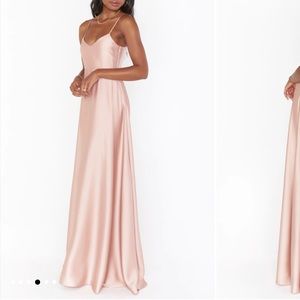 Faith Maxi Dress ~ Rose Gold Luxe Satin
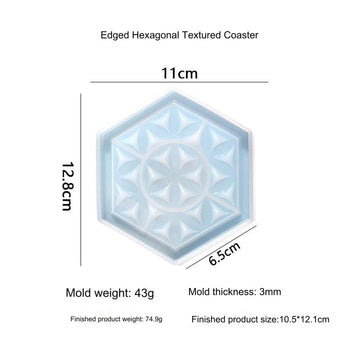 My Store Silicon Mould Hexagon Textured Coaster With Boundry Mould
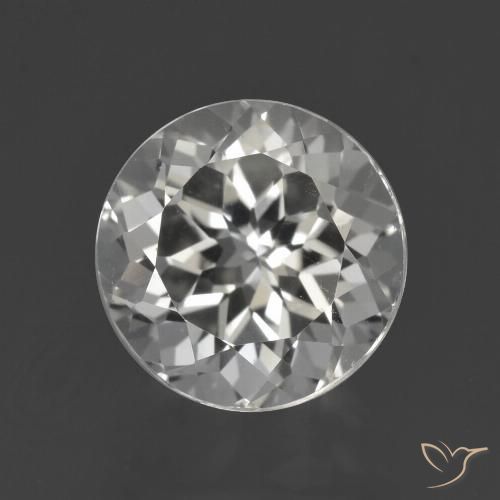 4.34ct طبيعي أبيض شفاف توباز, دائري, VVS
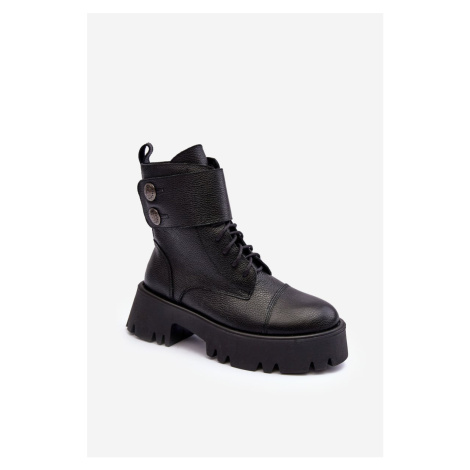 Women's Leather Workers Black Anceria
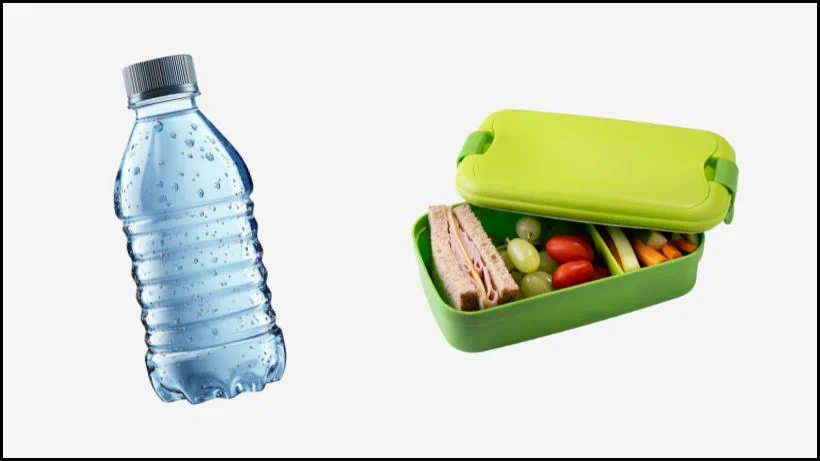 Eine frische Wasserflasche und eine gefüllte grüne Brotdose als Verpflegung für einen langen Sondeltag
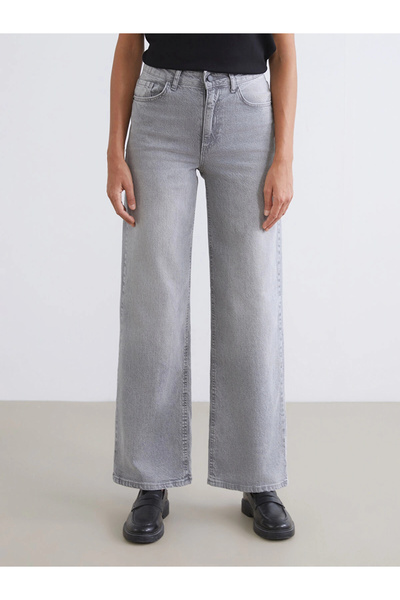 LC Waikiki Lcw Jeans Gray Wideleg Women's Jean Pants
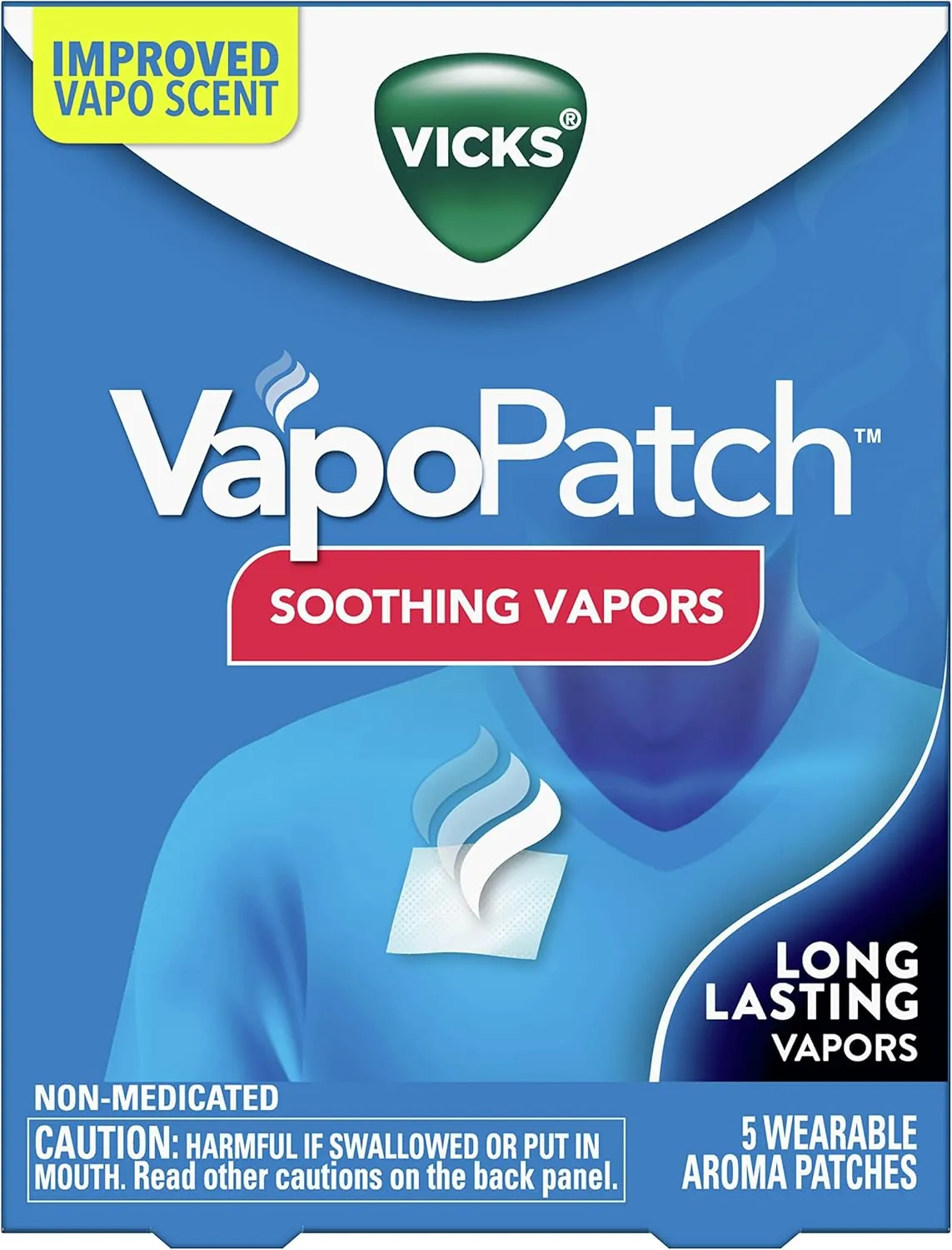 Vicks VapoPatch, Wearable Mess-Free Aroma Patch, Soothing & Comforting Non-Medicated Vicks Vapors, For Adults & Children Ages 6 , 5ct (2 pack)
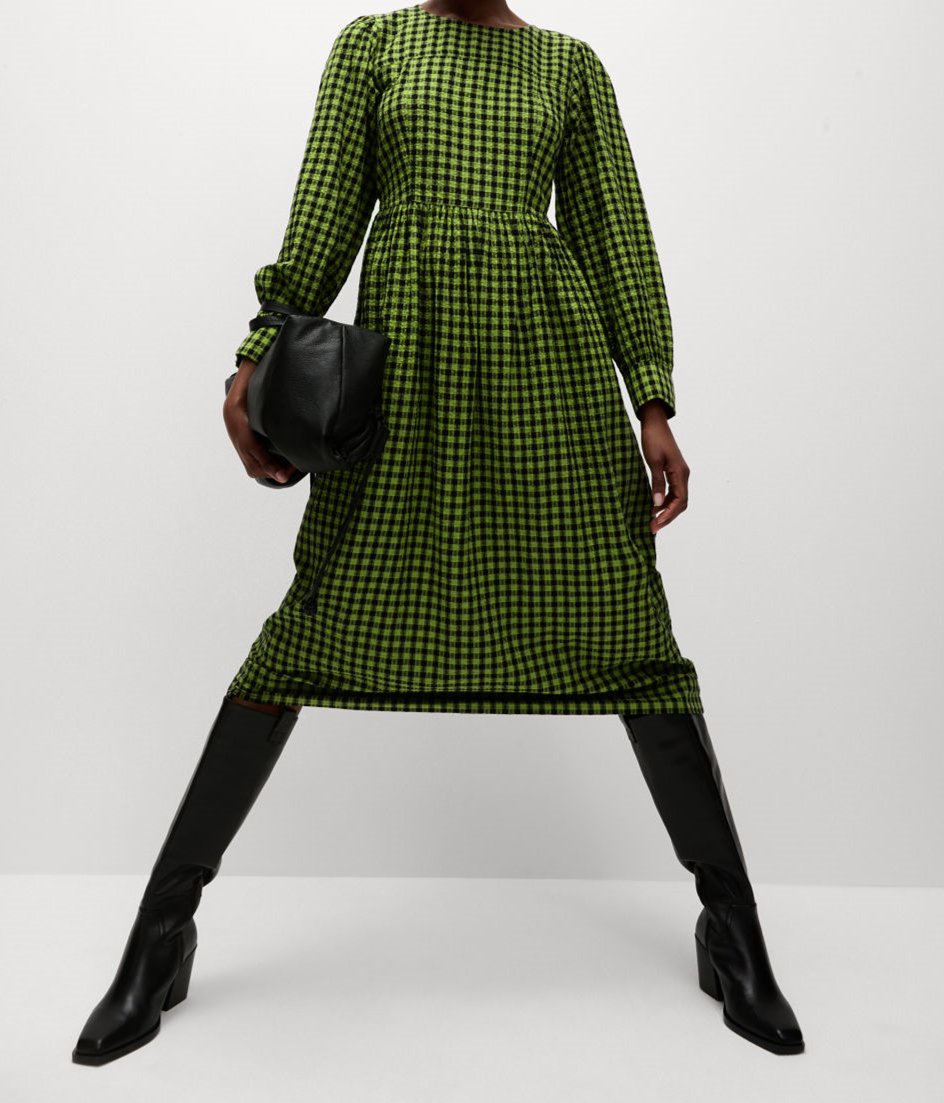 Dark Green Plaid Dress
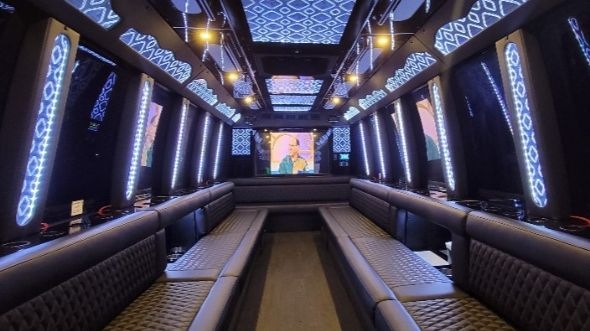 chandler 40 passenger party bus interior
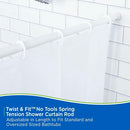 Kenney KN609L/1 Twist & Fit No Tools Spring Tension Standard Shower Curtain Rod with Non-Slip, Non-Scratch Ends, 42-72" Adjustable Length, Easy Install, White, 1" Diameter Rust Resistant Steel Tube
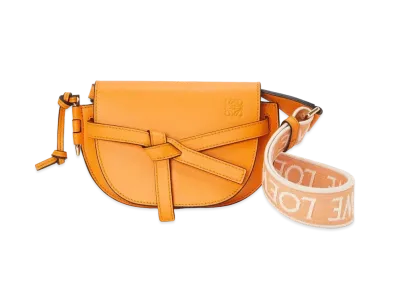 LOEWE Mini Gate Dual Bag In Soft Calfskin And Jacquard "Mandarin"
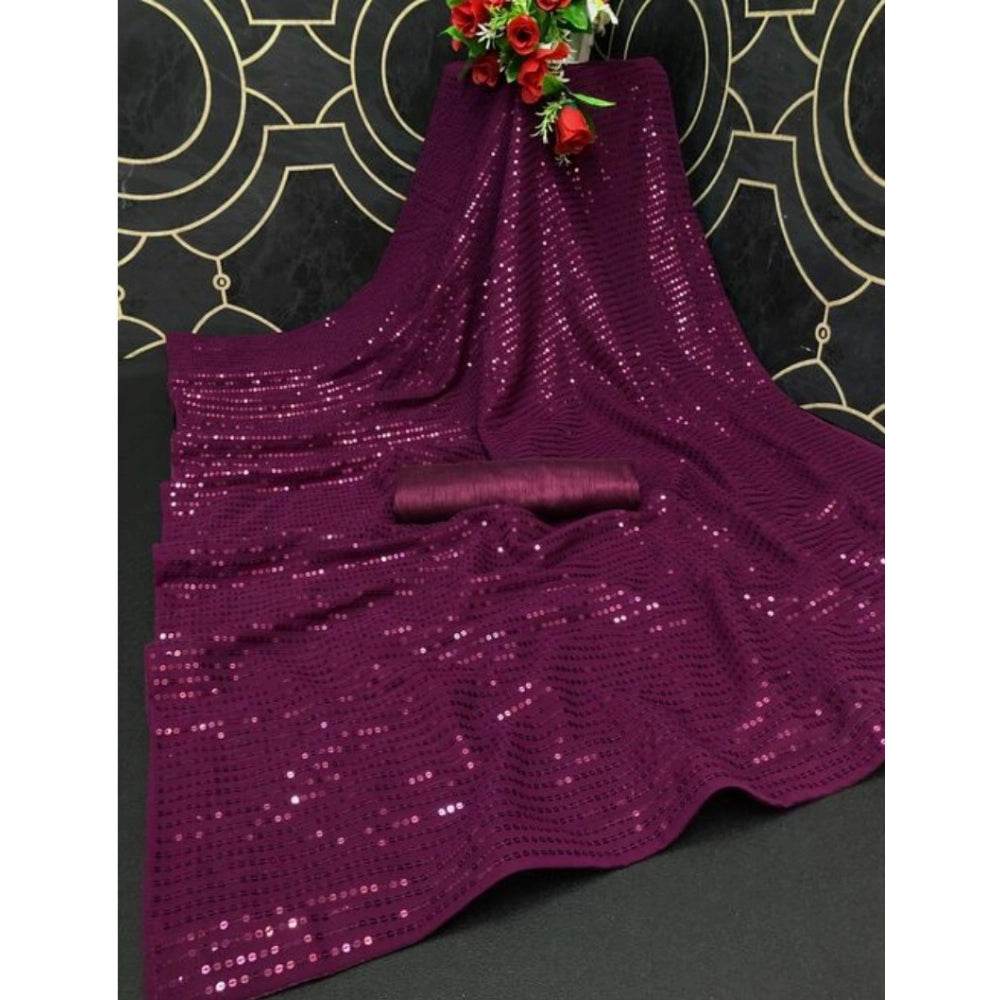 Generic Women's Georgette Embellished Sequnece Bollywood Saree With Unstitched Blouse 5.5Mtr (Purple) - MYLUXURY LANE ENTERPRISE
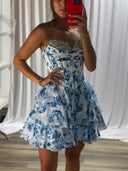 A-line Sweetheart Cascading Ruffles Short/Mini Corset Dress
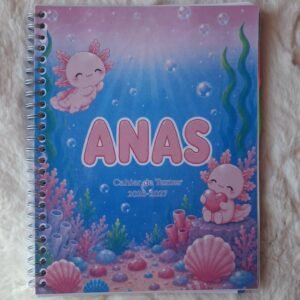 Cahier de texte personnalisé Axolotl avec le prénom de l'enfant.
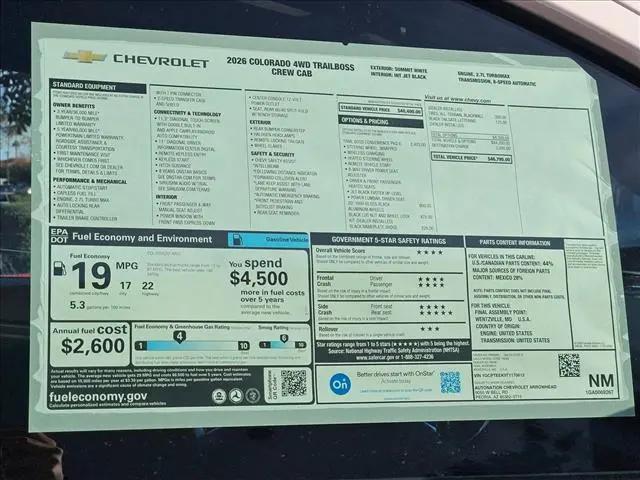 2026 Chevrolet Colorado Trail Boss, 4WD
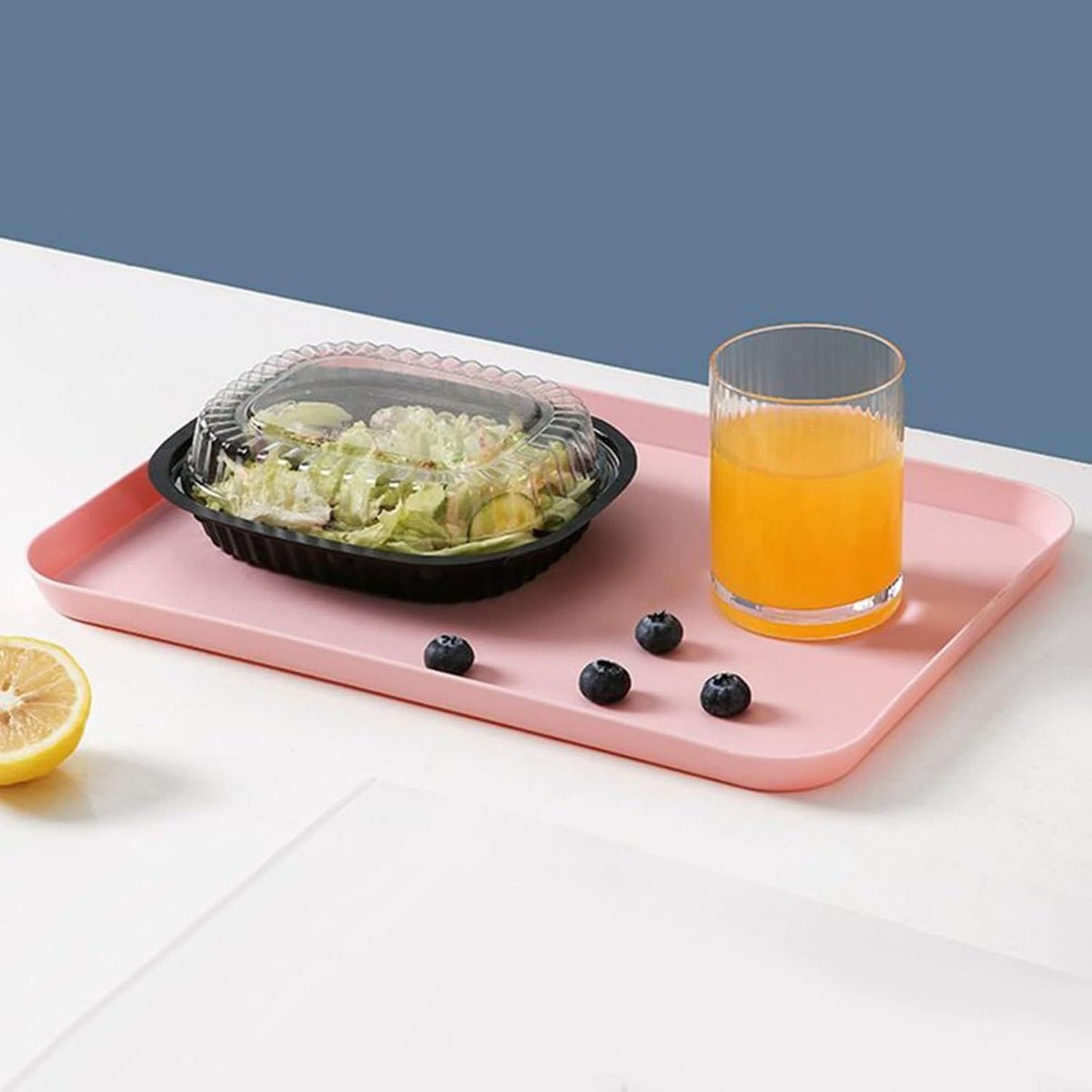 Rectangular Serving Tray with Raised Edges, Anti-Slip Scratch Resistant Plastic Food Tray for Kitchen Dining, Stable Non-Slip Base for Fruit Tea or Makeup, Pink(large pink)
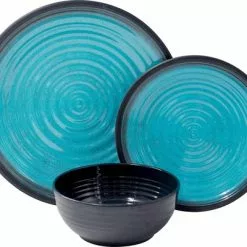 Juego De Vajilla De Melamina De Granito Flamefield 12 Piezas Aqua -Cocinas y barbacoas Ventas 141620 2266226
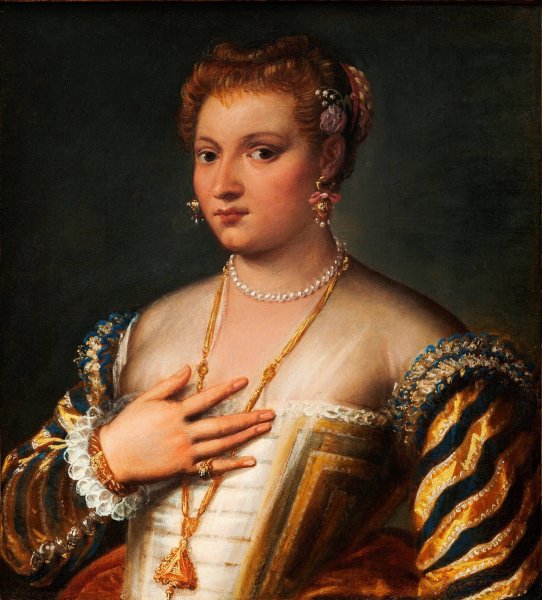 Portrait of a young Venetian woman by Francesco Montemezzano - Hand-Painted Oil Painting Reproduction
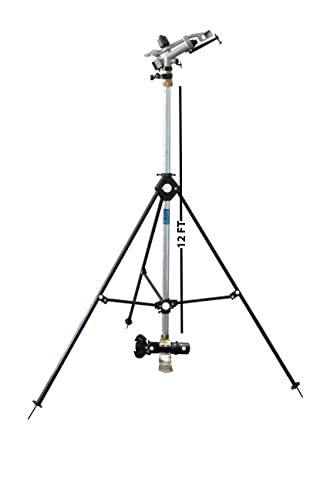 JALKIPARI® RAINGUN SET COMBO WITH AUTOMAT HT40G PENGUIN RAIN GUN, COMPLETE PIPE CONNECTOR KIT, 12 FT ISI G.I. RISER PIPE, 3 LEG HEIGHT ADJUSTABLE STAND ((J) TYPE SPRINKLER ADAPTER SET, 75MM (2.5"INCH))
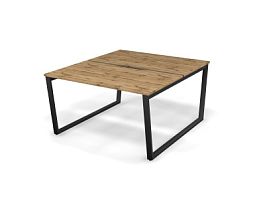 MATRIX 121S201-V Стол прямой двойной, пров-ик вырезной (V-опоры) 1380х1590х775 Дуб Крафт/Темно-серый - Фото предпросмотра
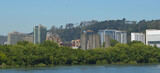 Fototapeta Miasto - 
the city of concepcion and the biobio river in chile in the summer season with blue sky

What is required —
Please give back exactly, and with no pictures, the lines from where the listing above begins through the line containing "2026 Chevrolet Colorado Trail Boss, 4WD".

Task solution —
 Faith Maxi Dress ~ Rose Gold Luxe Satin
 My Store Silicon Mould Hexagon Textured Coaster With Boundry Mould
 4.34ct طبيعي أبيض شفاف توباز, دائري, VVS
 Women's Leather Workers Black Anceria
 Eine frische Wasserflasche und eine gefüllte grüne Brotdose als Verpflegung für einen langen Sondeltag
 LC Waikiki Lcw Jeans Gray Wideleg Women's Jean Pants
 Vicks VapoPatch, Wearable Mess-Free Aroma Patch, Soothing & Comforting Non-Medicated Vicks Vapors, For Adults & Children Ages 6 , 5ct (2 pack)
 Dark Green Plaid Dress
 chandler 40 passenger party bus interior
 Kenney KN609L/1 Twist & Fit No Tools Spring Tension Standard Shower Curtain Rod with Non-Slip, Non-Scratch Ends, 42-72" Adjustable Length, Easy Install, White, 1" Diameter Rust Resistant Steel Tube
 LOEWE Mini Gate Dual Bag In Soft Calfskin And Jacquard "Mandarin"
 Generic Women's Georgette Embellished Sequnece Bollywood Saree With Unstitched Blouse 5.5Mtr (Purple) - MYLUXURY LANE ENTERPRISE
 A-line Sweetheart Cascading Ruffles Short/Mini Corset Dress
 Cahier de texte personnalisé Axolotl avec le prénom de l'enfant.
 2026 Chevrolet Colorado Trail Boss, 4WD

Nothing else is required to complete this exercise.